Problem statement ->
Output the opening lines of the records exactly. End with the line that contains "A woman wearing".
##### Provided information #####
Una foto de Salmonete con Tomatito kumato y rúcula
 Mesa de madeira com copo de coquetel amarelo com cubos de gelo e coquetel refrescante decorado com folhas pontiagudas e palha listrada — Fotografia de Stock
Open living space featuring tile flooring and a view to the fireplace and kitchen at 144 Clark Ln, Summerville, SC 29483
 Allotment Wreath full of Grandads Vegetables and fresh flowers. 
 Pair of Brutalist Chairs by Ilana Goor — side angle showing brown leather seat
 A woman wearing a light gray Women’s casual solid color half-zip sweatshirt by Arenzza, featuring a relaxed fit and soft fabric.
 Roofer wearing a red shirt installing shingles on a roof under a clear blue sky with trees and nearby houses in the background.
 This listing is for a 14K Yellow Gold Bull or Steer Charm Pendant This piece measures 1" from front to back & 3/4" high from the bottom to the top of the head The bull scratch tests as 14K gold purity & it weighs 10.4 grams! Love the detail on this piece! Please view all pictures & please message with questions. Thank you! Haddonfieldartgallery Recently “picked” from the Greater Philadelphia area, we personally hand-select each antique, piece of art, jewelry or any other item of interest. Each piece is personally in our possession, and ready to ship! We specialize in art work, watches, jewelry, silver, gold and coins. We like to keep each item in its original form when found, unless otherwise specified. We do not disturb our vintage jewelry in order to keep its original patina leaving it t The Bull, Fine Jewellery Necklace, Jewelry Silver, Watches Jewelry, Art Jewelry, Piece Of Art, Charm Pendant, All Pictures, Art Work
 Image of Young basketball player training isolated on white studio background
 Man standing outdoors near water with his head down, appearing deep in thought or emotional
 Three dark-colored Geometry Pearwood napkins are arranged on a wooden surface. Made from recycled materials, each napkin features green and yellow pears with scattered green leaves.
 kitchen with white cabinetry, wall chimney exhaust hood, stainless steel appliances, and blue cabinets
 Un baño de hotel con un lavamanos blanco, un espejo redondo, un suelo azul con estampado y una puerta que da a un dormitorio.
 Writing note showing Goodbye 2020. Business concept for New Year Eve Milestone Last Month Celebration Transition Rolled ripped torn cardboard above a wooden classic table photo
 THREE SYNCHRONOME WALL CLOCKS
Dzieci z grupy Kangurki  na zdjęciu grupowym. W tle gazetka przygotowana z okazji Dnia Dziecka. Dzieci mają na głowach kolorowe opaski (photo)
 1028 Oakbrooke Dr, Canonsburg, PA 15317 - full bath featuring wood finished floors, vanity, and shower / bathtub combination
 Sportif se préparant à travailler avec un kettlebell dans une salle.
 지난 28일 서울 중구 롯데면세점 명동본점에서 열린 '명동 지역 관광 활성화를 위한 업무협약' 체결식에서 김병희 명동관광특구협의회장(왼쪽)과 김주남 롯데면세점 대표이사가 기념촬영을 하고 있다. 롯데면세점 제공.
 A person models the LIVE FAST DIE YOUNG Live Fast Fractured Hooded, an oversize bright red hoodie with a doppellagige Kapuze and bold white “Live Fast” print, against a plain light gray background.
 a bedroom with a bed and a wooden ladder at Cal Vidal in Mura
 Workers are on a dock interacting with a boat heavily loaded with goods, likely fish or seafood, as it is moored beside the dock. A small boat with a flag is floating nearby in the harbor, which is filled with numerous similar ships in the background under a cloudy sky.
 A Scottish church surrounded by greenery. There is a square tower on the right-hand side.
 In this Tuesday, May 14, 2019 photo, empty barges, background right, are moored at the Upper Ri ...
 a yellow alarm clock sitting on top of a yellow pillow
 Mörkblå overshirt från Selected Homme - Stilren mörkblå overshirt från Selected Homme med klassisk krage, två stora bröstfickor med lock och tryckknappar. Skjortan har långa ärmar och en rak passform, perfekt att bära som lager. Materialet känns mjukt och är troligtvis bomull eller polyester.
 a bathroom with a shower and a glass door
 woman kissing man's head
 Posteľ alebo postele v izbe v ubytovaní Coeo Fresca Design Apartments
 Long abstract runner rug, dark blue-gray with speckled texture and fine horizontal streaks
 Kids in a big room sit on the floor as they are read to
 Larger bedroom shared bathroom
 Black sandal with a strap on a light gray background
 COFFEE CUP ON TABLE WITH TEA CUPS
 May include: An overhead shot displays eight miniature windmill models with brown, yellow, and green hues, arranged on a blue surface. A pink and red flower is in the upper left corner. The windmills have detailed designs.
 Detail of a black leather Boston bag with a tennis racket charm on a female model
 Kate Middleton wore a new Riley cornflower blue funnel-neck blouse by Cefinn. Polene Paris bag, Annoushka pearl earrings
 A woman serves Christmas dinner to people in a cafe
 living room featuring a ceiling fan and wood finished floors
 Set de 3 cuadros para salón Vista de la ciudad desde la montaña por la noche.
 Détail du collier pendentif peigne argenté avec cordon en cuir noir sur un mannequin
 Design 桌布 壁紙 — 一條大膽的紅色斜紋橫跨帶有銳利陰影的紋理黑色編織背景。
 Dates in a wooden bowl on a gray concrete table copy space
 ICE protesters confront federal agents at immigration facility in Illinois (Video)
#####
Reply ->
Una foto de Salmonete con Tomatito kumato y rúcula
 Mesa de madeira com copo de coquetel amarelo com cubos de gelo e coquetel refrescante decorado com folhas pontiagudas e palha listrada — Fotografia de Stock
Open living space featuring tile flooring and a view to the fireplace and kitchen at 144 Clark Ln, Summerville, SC 29483
 Allotment Wreath full of Grandads Vegetables and fresh flowers. 
 Pair of Brutalist Chairs by Ilana Goor — side angle showing brown leather seat
 A woman wearing a light gray Women’s casual solid color half-zip sweatshirt by Arenzza, featuring a relaxed fit and soft fabric.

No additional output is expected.